Senator Warren is one of the nation's leading voices calling for student debt cancellation to boost our economy, help close the racial wealth gap for borrowers, and put an end to predatory practices that harm and trap borrowers in years of debt. She has also been a champion for students throughout her years in the Senate, fighting to protect America's students from predatory for-profit colleges and greedy student loan companies and to create more opportunities for young people.
- In June 24, 2021, Senator Warren and John Kennedy (R-La.) called on PHEAA CEO to address concerns about false and misleading statements made during a subcommittee hearing on student loans, which was chaired by Senator Warren.
- In May 2021, Senator Warren led her colleagues in sending a letter requesting information about the steps the Department of Education (ED) and the Office of Federal Student Aid (FSA) are taking to help transition millions of federal student loan borrowers back into repayment ahead of the scheduled end for paused student loan payments and interest in September.
- In April 2021, Senators Warren and Raphael Warnock (D-Ga.) led a group of colleagues in a letter to Education Secretary Miguel Cardona urging the Department of Education to take swift action to automatically remove all federally-held student loan borrowers from default.
- That same month at her first hearing as chair of the Senate Banking, Housing, and Urban Affairs Committee's Subcommittee on Economic Policy, Senator Warren called out PHEAA for its mismanagement of the Public Student Loan Forgiveness Program.
- Senator Warren also questioned Jack Remondi, CEO of one of the nation's largest student loan servicers, Navient, on the company's long history of abusive and misleading behavior towards borrowers and how the company has made millions of dollars by profiting off the broken student loan system.
- Senator Warren has also been continuing her calls for President Biden to use his existing authority to cancel $50,000 in student debt and highlighted data that she obtained from the Education Department revealing the benefit of student debt cancellation.

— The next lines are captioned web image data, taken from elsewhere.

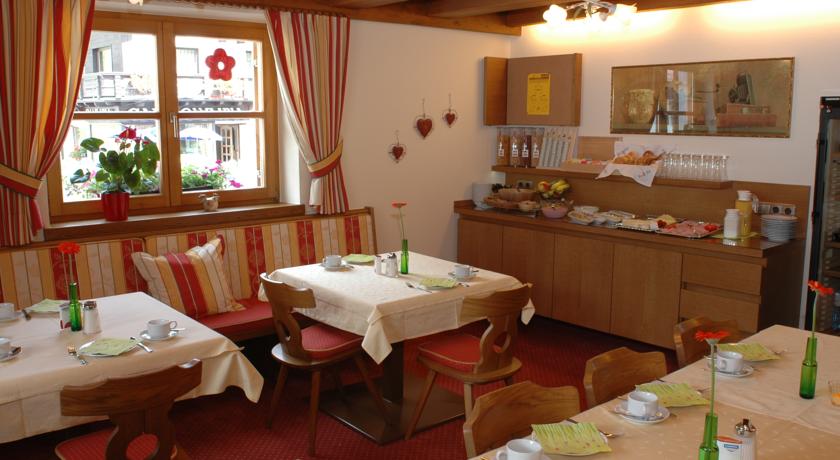 PENSION WALSERHEIM  3*,  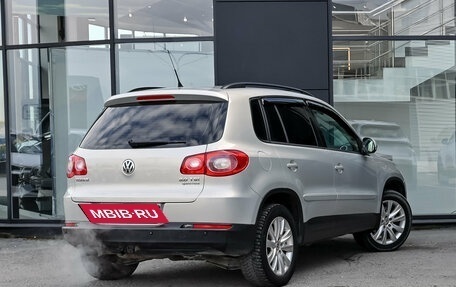Volkswagen Tiguan I, 2011 год, 930 000 рублей, 4 фотография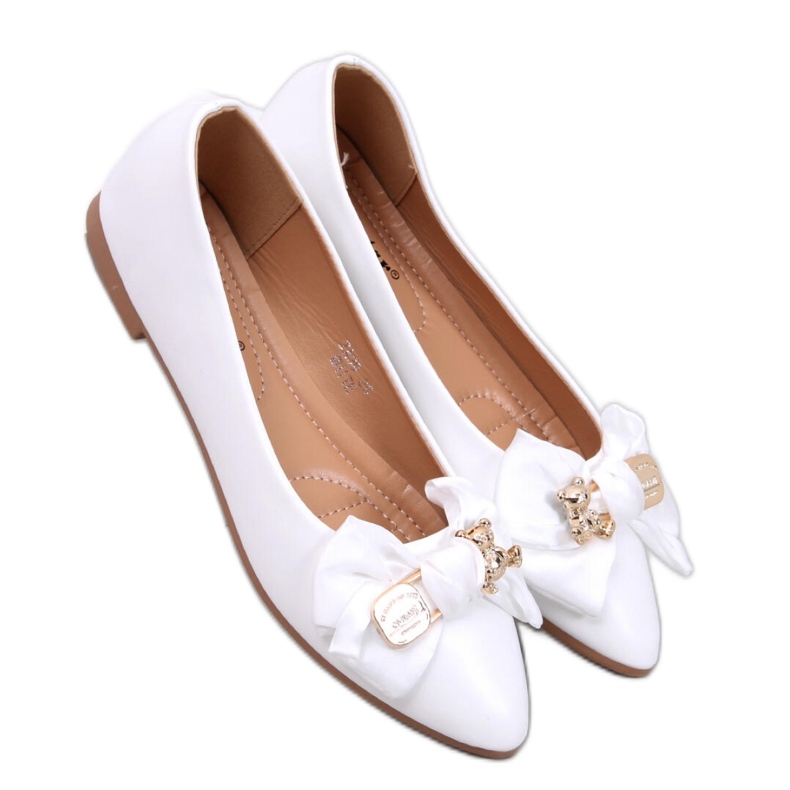 Fehér mackó balerinák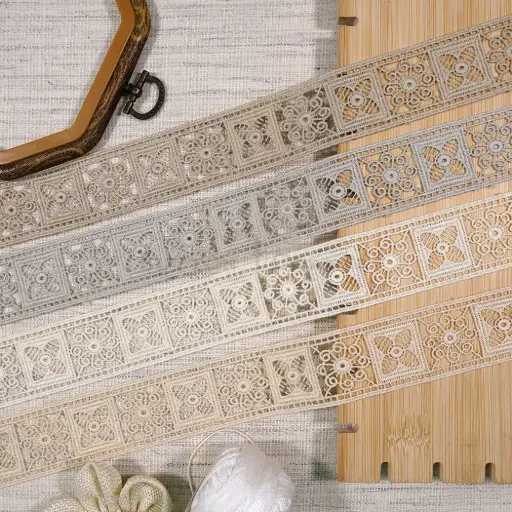Double Side Border Shuttle Lace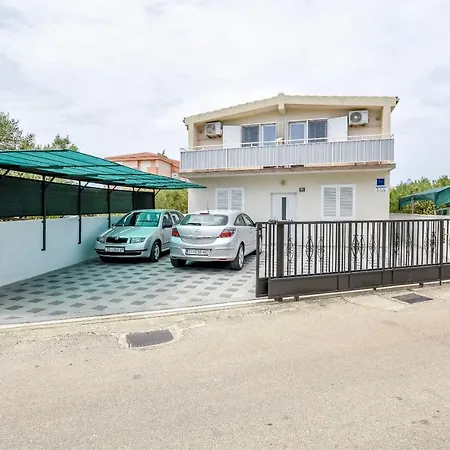 Apartment Kucinic *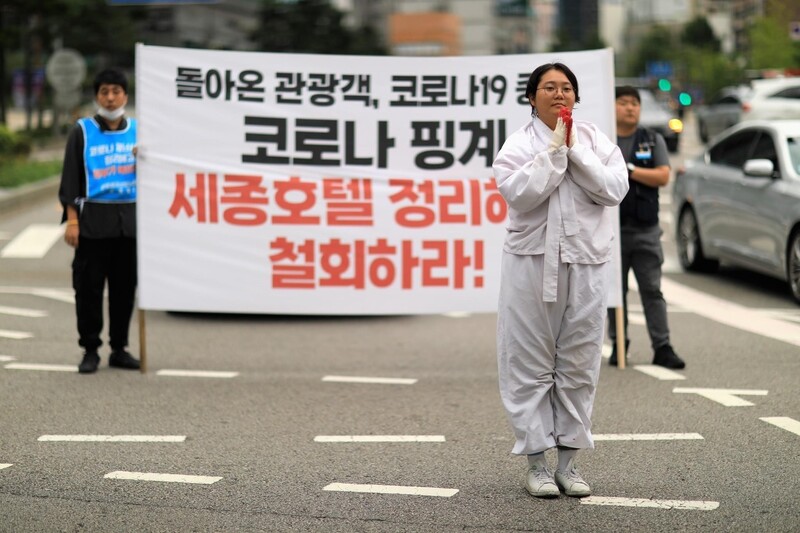 세종호텔 해고노동자 복직을 촉구하는 오체투지 행진에 참여하는 모습. 전병철 제공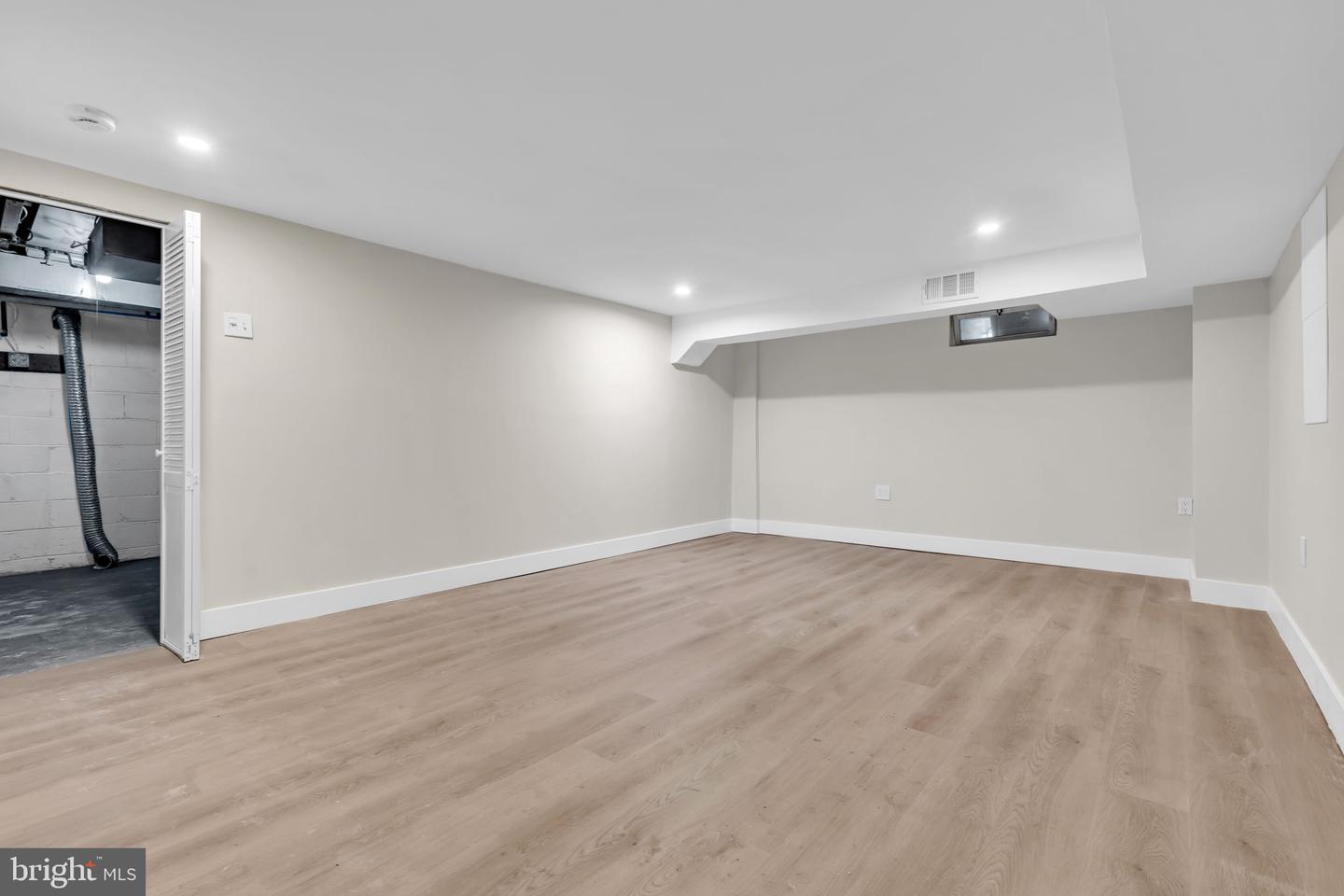 7487 Githens Ave Property Photo 21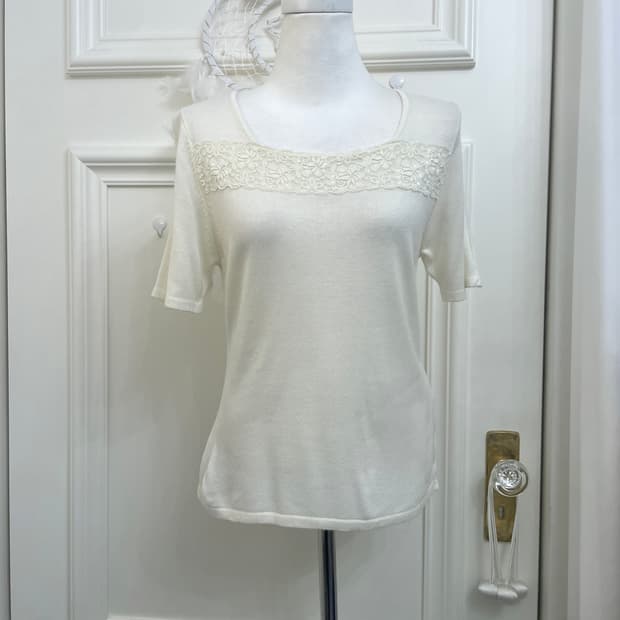 ivory lace point square-neck half knit t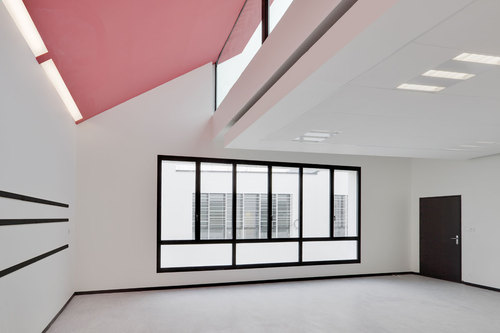 Mikoustdenisschool-red_large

- In March 2021, Senators Warren and Bob Menendez (D-N.J.) applauded the passage of their Student Loan Tax Relief Act as part of the American Rescue Plan. The provision makes any student loan forgiveness tax-free, ensuring borrowers whose debt is fully or partially forgiven are not saddled with thousands of dollars in surprise taxes. During her time in the Senate, she has helped return tens of millions of dollars tax-free to students cheated by for-profit colleges.

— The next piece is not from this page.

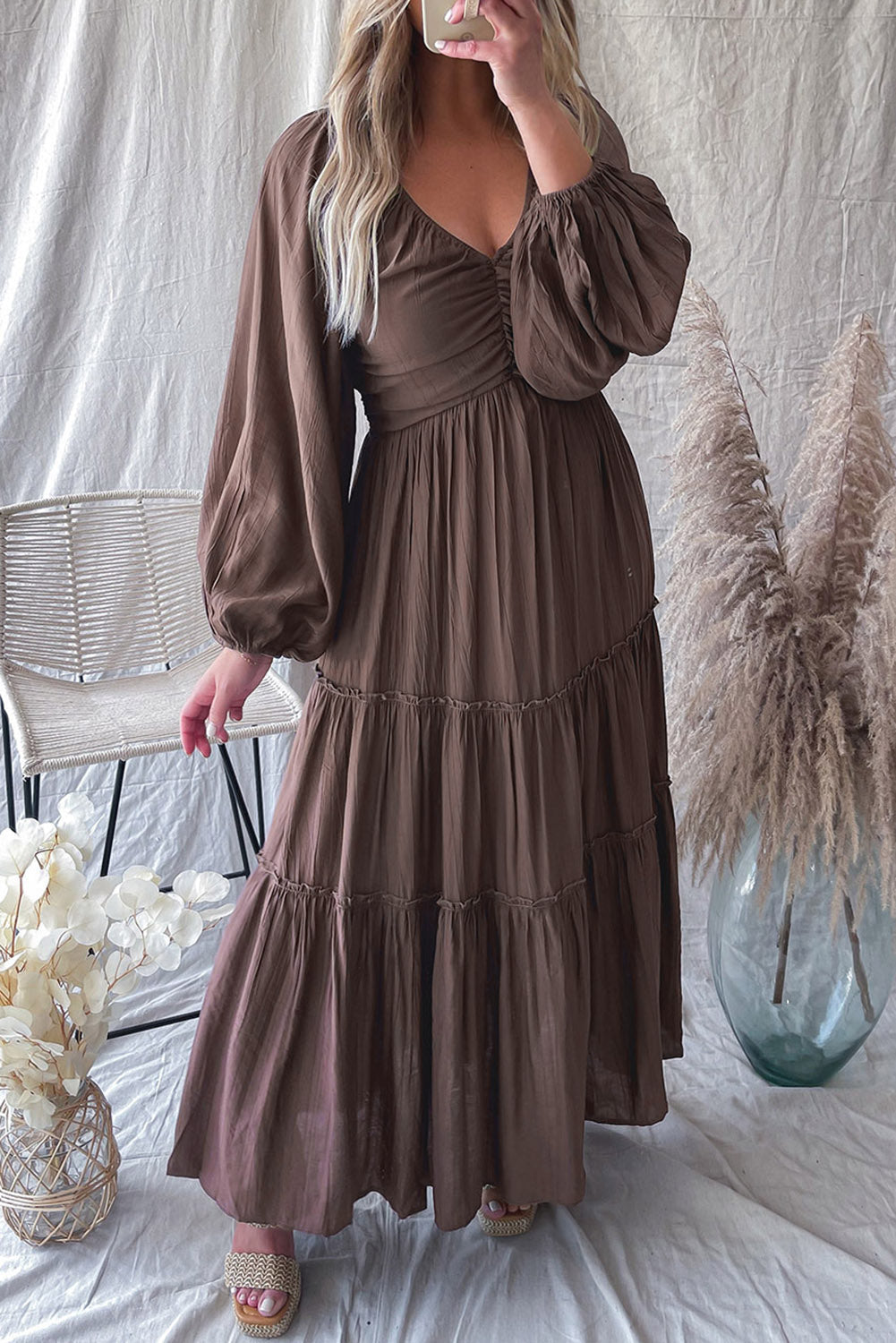 Dressing gown maxi élégante Alessia à décolleté en V avec détail de noeud et effet frange pour un look sophistiqué.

- She demanded that the Department of Education hold student loan servicer, Great Lakes Education Loan Services, Inc. accountable for CARES Act blunder that likely lowered credit scores for millions of borrowers.
- She has worked with House Majority Whip James E. Clyburn (D-S.C.) to close the racial wealth gap by introducing legislation, the Student Loan Debt Relief Act, which would cancel student loan debt for 42 million Americans.
- She prioritized student debt relief and fought to lower student loan interest rates, introducing the Bank on Students Loan Fairness Act as her first bill in Congress.
- She conducted rigorous oversight of the for-profit college industry and helped secure three-quarters of a billion dollars in debt relief for students who were cheated by predatory for-profit colleges, including 4,500 Massachusetts students and more than 28,000 students across the country.